RECORD EXTRACTS section start

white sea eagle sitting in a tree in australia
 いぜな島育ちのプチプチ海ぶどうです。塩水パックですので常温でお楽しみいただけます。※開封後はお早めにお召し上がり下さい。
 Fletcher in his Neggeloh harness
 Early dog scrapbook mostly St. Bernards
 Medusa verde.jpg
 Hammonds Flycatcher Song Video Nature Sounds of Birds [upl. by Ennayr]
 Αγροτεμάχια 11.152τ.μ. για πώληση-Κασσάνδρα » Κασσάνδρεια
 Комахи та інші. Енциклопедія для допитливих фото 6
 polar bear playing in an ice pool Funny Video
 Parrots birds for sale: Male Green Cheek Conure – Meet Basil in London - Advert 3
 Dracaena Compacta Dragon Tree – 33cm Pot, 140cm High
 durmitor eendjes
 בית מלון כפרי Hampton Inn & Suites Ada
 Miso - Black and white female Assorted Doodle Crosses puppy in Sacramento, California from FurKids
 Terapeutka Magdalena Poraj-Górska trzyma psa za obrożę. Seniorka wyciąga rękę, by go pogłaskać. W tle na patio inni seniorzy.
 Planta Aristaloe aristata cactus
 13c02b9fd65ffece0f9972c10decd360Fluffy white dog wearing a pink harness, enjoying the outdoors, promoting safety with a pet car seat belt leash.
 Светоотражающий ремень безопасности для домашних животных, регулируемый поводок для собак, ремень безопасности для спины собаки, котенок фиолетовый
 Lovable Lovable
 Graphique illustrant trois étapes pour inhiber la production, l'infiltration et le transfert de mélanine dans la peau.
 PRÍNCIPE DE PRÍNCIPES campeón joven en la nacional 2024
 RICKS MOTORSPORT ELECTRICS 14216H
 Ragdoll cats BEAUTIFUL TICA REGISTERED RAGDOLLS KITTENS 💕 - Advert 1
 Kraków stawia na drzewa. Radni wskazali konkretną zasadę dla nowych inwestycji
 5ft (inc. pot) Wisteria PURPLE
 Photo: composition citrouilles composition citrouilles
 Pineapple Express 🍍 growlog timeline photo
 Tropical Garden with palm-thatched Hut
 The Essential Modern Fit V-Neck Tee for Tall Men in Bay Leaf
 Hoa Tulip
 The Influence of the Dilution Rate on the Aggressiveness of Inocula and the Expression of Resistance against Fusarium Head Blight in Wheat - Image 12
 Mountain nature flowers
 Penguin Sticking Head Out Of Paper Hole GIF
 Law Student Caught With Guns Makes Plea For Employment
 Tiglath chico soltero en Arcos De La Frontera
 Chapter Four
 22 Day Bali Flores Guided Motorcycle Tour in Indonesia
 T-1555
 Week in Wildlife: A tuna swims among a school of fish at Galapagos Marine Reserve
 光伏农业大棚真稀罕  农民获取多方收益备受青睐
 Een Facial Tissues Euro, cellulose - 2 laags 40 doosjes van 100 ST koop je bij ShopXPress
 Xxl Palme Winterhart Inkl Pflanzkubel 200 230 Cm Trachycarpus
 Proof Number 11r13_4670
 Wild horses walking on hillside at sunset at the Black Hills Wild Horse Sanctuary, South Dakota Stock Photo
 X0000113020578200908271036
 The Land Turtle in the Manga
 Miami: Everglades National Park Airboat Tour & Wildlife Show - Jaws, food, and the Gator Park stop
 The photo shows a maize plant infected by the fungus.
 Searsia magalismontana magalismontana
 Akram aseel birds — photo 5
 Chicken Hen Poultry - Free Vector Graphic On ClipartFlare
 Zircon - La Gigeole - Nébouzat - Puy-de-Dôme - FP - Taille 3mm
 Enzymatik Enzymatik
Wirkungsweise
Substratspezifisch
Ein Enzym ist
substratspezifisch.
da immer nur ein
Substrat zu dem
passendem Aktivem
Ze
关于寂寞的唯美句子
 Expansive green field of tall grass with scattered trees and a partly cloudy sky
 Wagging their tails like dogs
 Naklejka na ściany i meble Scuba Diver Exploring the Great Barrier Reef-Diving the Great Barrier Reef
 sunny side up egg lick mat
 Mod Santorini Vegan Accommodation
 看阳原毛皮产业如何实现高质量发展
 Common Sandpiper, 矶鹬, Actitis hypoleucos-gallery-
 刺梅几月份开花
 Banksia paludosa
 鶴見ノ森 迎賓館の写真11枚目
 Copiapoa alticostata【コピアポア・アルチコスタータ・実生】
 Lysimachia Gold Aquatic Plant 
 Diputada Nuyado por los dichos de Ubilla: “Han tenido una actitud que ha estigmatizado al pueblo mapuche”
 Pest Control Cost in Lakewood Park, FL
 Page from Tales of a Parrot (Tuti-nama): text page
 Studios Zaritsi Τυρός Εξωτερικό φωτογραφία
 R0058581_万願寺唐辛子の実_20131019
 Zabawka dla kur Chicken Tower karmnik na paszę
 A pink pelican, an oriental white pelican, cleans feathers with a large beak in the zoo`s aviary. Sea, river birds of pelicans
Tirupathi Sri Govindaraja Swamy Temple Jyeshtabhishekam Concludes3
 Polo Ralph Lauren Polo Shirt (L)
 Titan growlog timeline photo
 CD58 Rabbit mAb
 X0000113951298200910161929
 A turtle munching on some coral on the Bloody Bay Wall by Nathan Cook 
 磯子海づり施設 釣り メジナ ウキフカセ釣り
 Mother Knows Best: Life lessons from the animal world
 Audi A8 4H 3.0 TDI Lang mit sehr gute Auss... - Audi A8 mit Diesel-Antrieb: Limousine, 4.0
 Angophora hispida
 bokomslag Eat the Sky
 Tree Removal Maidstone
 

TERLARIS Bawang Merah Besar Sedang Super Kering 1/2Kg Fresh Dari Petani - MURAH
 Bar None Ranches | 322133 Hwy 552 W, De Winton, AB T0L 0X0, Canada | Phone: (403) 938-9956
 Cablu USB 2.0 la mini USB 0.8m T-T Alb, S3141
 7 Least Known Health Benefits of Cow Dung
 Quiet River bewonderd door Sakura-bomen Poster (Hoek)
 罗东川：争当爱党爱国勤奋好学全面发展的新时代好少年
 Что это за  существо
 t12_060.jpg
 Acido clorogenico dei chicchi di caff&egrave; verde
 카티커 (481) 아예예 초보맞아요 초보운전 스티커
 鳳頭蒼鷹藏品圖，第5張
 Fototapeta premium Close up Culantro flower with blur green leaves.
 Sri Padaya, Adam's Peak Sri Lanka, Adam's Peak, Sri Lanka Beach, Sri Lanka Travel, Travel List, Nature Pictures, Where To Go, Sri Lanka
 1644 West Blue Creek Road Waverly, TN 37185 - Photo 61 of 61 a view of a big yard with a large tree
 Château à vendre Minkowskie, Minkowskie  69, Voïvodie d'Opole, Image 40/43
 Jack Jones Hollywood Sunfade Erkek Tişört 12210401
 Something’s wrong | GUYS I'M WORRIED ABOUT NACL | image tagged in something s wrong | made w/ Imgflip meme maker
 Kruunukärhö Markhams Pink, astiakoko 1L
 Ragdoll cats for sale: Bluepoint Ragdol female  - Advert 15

RECORD EXTRACTS section end

** INSTRUCTIONS FOR THE TASK **
Give back each record, exactly as it reads.

** WORKED SOLUTION **
white sea eagle sitting in a tree in australia
 いぜな島育ちのプチプチ海ぶどうです。塩水パックですので常温でお楽しみいただけます。※開封後はお早めにお召し上がり下さい。
 Fletcher in his Neggeloh harness
 Early dog scrapbook mostly St. Bernards
 Medusa verde.jpg
 Hammonds Flycatcher Song Video Nature Sounds of Birds [upl. by Ennayr]
 Αγροτεμάχια 11.152τ.μ. για πώληση-Κασσάνδρα » Κασσάνδρεια
 Комахи та інші. Енциклопедія для допитливих фото 6
 polar bear playing in an ice pool Funny Video
 Parrots birds for sale: Male Green Cheek Conure – Meet Basil in London - Advert 3
 Dracaena Compacta Dragon Tree – 33cm Pot, 140cm High
 durmitor eendjes
 בית מלון כפרי Hampton Inn & Suites Ada
 Miso - Black and white female Assorted Doodle Crosses puppy in Sacramento, California from FurKids
 Terapeutka Magdalena Poraj-Górska trzyma psa za obrożę. Seniorka wyciąga rękę, by go pogłaskać. W tle na patio inni seniorzy.
 Planta Aristaloe aristata cactus
 13c02b9fd65ffece0f9972c10decd360Fluffy white dog wearing a pink harness, enjoying the outdoors, promoting safety with a pet car seat belt leash.
 Светоотражающий ремень безопасности для домашних животных, регулируемый поводок для собак, ремень безопасности для спины собаки, котенок фиолетовый
 Lovable Lovable
 Graphique illustrant trois étapes pour inhiber la production, l'infiltration et le transfert de mélanine dans la peau.
 PRÍNCIPE DE PRÍNCIPES campeón joven en la nacional 2024
 RICKS MOTORSPORT ELECTRICS 14216H
 Ragdoll cats BEAUTIFUL TICA REGISTERED RAGDOLLS KITTENS 💕 - Advert 1
 Kraków stawia na drzewa. Radni wskazali konkretną zasadę dla nowych inwestycji
 5ft (inc. pot) Wisteria PURPLE
 Photo: composition citrouilles composition citrouilles
 Pineapple Express 🍍 growlog timeline photo
 Tropical Garden with palm-thatched Hut
 The Essential Modern Fit V-Neck Tee for Tall Men in Bay Leaf
 Hoa Tulip
 The Influence of the Dilution Rate on the Aggressiveness of Inocula and the Expression of Resistance against Fusarium Head Blight in Wheat - Image 12
 Mountain nature flowers
 Penguin Sticking Head Out Of Paper Hole GIF
 Law Student Caught With Guns Makes Plea For Employment
 Tiglath chico soltero en Arcos De La Frontera
 Chapter Four
 22 Day Bali Flores Guided Motorcycle Tour in Indonesia
 T-1555
 Week in Wildlife: A tuna swims among a school of fish at Galapagos Marine Reserve
 光伏农业大棚真稀罕  农民获取多方收益备受青睐
 Een Facial Tissues Euro, cellulose - 2 laags 40 doosjes van 100 ST koop je bij ShopXPress
 Xxl Palme Winterhart Inkl Pflanzkubel 200 230 Cm Trachycarpus
 Proof Number 11r13_4670
 Wild horses walking on hillside at sunset at the Black Hills Wild Horse Sanctuary, South Dakota Stock Photo
 X0000113020578200908271036
 The Land Turtle in the Manga
 Miami: Everglades National Park Airboat Tour & Wildlife Show - Jaws, food, and the Gator Park stop
 The photo shows a maize plant infected by the fungus.
 Searsia magalismontana magalismontana
 Akram aseel birds — photo 5
 Chicken Hen Poultry - Free Vector Graphic On ClipartFlare
 Zircon - La Gigeole - Nébouzat - Puy-de-Dôme - FP - Taille 3mm
 Enzymatik Enzymatik
Wirkungsweise
Substratspezifisch
Ein Enzym ist
substratspezifisch.
da immer nur ein
Substrat zu dem
passendem Aktivem
Ze
关于寂寞的唯美句子
 Expansive green field of tall grass with scattered trees and a partly cloudy sky
 Wagging their tails like dogs
 Naklejka na ściany i meble Scuba Diver Exploring the Great Barrier Reef-Diving the Great Barrier Reef
 sunny side up egg lick mat
 Mod Santorini Vegan Accommodation
 看阳原毛皮产业如何实现高质量发展
 Common Sandpiper, 矶鹬, Actitis hypoleucos-gallery-
 刺梅几月份开花
 Banksia paludosa
 鶴見ノ森 迎賓館の写真11枚目
 Copiapoa alticostata【コピアポア・アルチコスタータ・実生】
 Lysimachia Gold Aquatic Plant 
 Diputada Nuyado por los dichos de Ubilla: “Han tenido una actitud que ha estigmatizado al pueblo mapuche”
 Pest Control Cost in Lakewood Park, FL
 Page from Tales of a Parrot (Tuti-nama): text page
 Studios Zaritsi Τυρός Εξωτερικό φωτογραφία
 R0058581_万願寺唐辛子の実_20131019
 Zabawka dla kur Chicken Tower karmnik na paszę
 A pink pelican, an oriental white pelican, cleans feathers with a large beak in the zoo`s aviary. Sea, river birds of pelicans
Tirupathi Sri Govindaraja Swamy Temple Jyeshtabhishekam Concludes3
 Polo Ralph Lauren Polo Shirt (L)
 Titan growlog timeline photo
 CD58 Rabbit mAb
 X0000113951298200910161929
 A turtle munching on some coral on the Bloody Bay Wall by Nathan Cook 
 磯子海づり施設 釣り メジナ ウキフカセ釣り
 Mother Knows Best: Life lessons from the animal world
 Audi A8 4H 3.0 TDI Lang mit sehr gute Auss... - Audi A8 mit Diesel-Antrieb: Limousine, 4.0
 Angophora hispida
 bokomslag Eat the Sky
 Tree Removal Maidstone
 

TERLARIS Bawang Merah Besar Sedang Super Kering 1/2Kg Fresh Dari Petani - MURAH
 Bar None Ranches | 322133 Hwy 552 W, De Winton, AB T0L 0X0, Canada | Phone: (403) 938-9956
 Cablu USB 2.0 la mini USB 0.8m T-T Alb, S3141
 7 Least Known Health Benefits of Cow Dung
 Quiet River bewonderd door Sakura-bomen Poster (Hoek)
 罗东川：争当爱党爱国勤奋好学全面发展的新时代好少年
 Что это за  существо
 t12_060.jpg
 Acido clorogenico dei chicchi di caff&egrave; verde
 카티커 (481) 아예예 초보맞아요 초보운전 스티커
 鳳頭蒼鷹藏品圖，第5張
 Fototapeta premium Close up Culantro flower with blur green leaves.
 Sri Padaya, Adam's Peak Sri Lanka, Adam's Peak, Sri Lanka Beach, Sri Lanka Travel, Travel List, Nature Pictures, Where To Go, Sri Lanka
 1644 West Blue Creek Road Waverly, TN 37185 - Photo 61 of 61 a view of a big yard with a large tree
 Château à vendre Minkowskie, Minkowskie  69, Voïvodie d'Opole, Image 40/43
 Jack Jones Hollywood Sunfade Erkek Tişört 12210401
 Something’s wrong | GUYS I'M WORRIED ABOUT NACL | image tagged in something s wrong | made w/ Imgflip meme maker
 Kruunukärhö Markhams Pink, astiakoko 1L
 Ragdoll cats for sale: Bluepoint Ragdol female  - Advert 15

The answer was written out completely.